5. Pull-Up Resistors
The I2C bus relies on pull-up resistors to pull the signals high. If there is an issue with the pull-up resistors, communication will fail. Typically, pay attention to the following points:
- Use an oscilloscope to observe the SCL and SDA signals:
- Constant Low Level: This may indicate a missing pull-up resistor or that a device is pulling the bus low. Check the PCB layout to confirm that the pull-up resistors are soldered correctly. If there are resistors, remove the slave devices one by one until the signal returns to normal.

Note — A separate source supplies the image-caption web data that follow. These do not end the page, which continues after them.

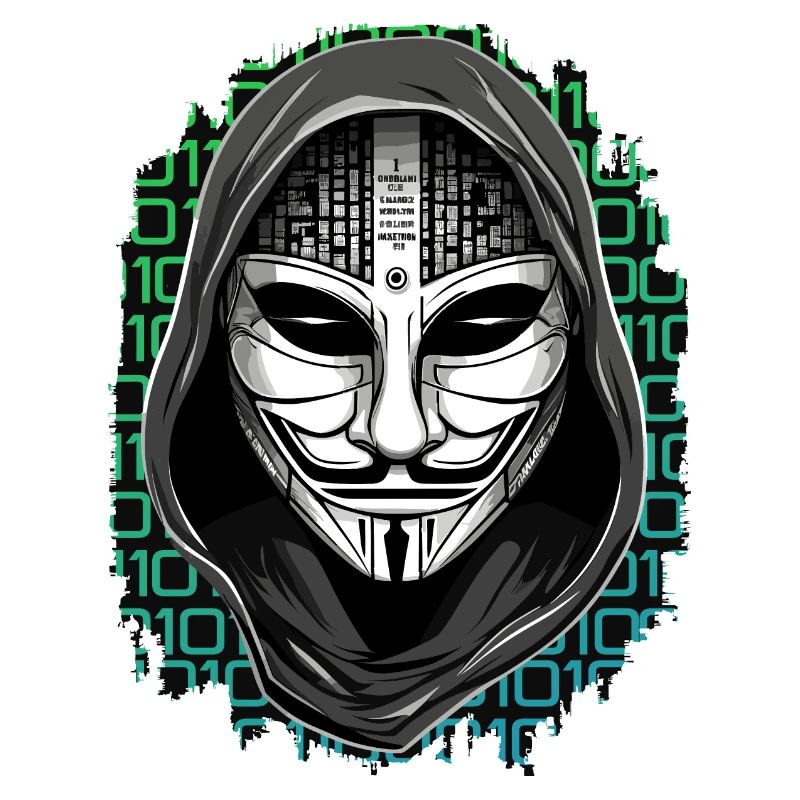Anonymous Hacker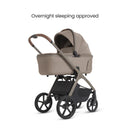 Silver Cross Cove2 Accessory Bundle - Champagne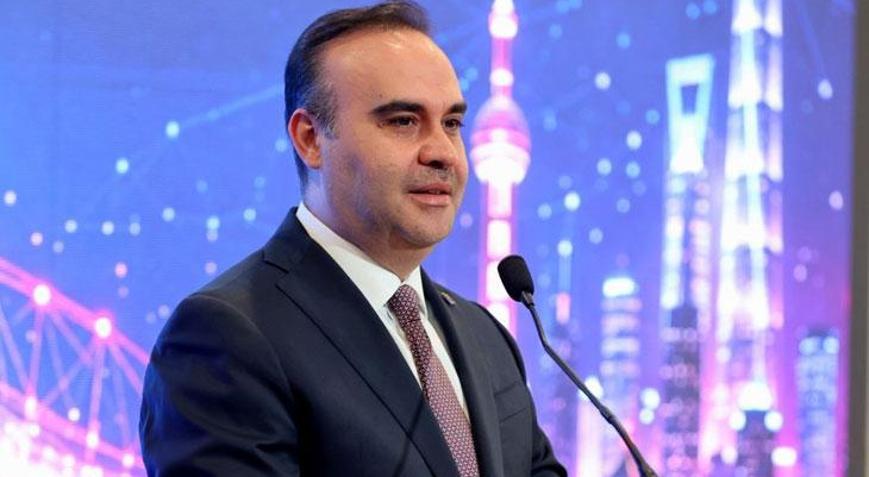 Bakan Kacırdan KOBİlere finansman desteği açıklaması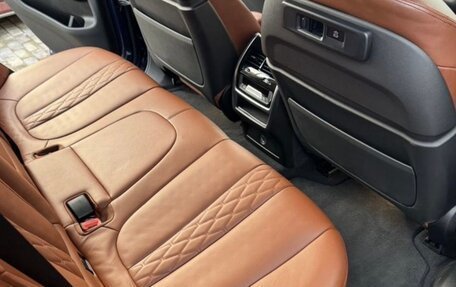 BMW X5, 2020 год, 5 200 000 рублей, 22 фотография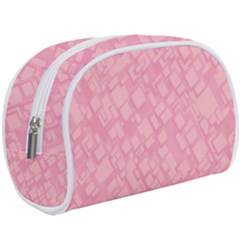 Pink Make Up Case (large) by nateshop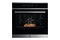 Piekarnik do zabudowy Electrolux EOE8P31X SenseCook elektryczny Stalowy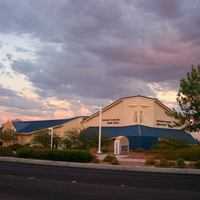 Summerlin Community Church - Las Vegas, Nevada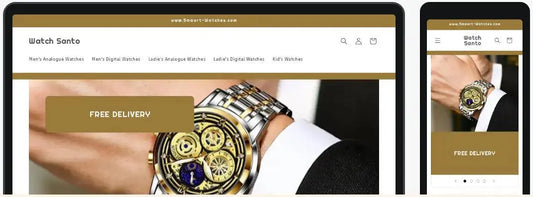 WatchSanto.com Dreamworx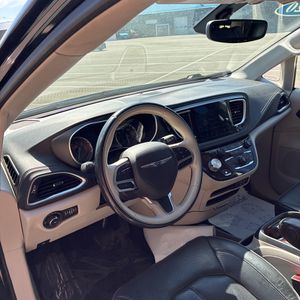 2020 Chrysler PACIFICA LIMITED 照片 37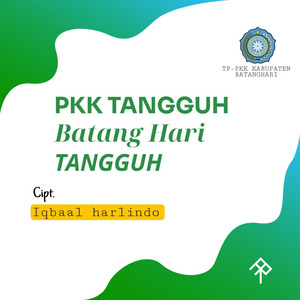 PKK Batanghari Tangguh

- Constant High Level: This indicates that no devices are communicating; return to the “Peripheral Configuration” section for checks.
- Smooth Waveform: If the signal edges are not sharp enough, it may indicate that the pull-up resistor value is too high, causing a long signal rise time. Try replacing it with a smaller resistor, such as 2KΩ; although the power consumption will be slightly higher, the signal quality will be better.
- Voltage Mismatch: Confirm that the bus voltage matches the device (commonly 3.3V or 1.8V); if not, a level shifter is needed.
Conclusion
Although the I2C bus protocol is not complex, debugging it can sometimes be frustrating. From hardware connections to software configurations, every step may have hidden pitfalls. I hope this article helps you avoid detours the next time you encounter I2C issues.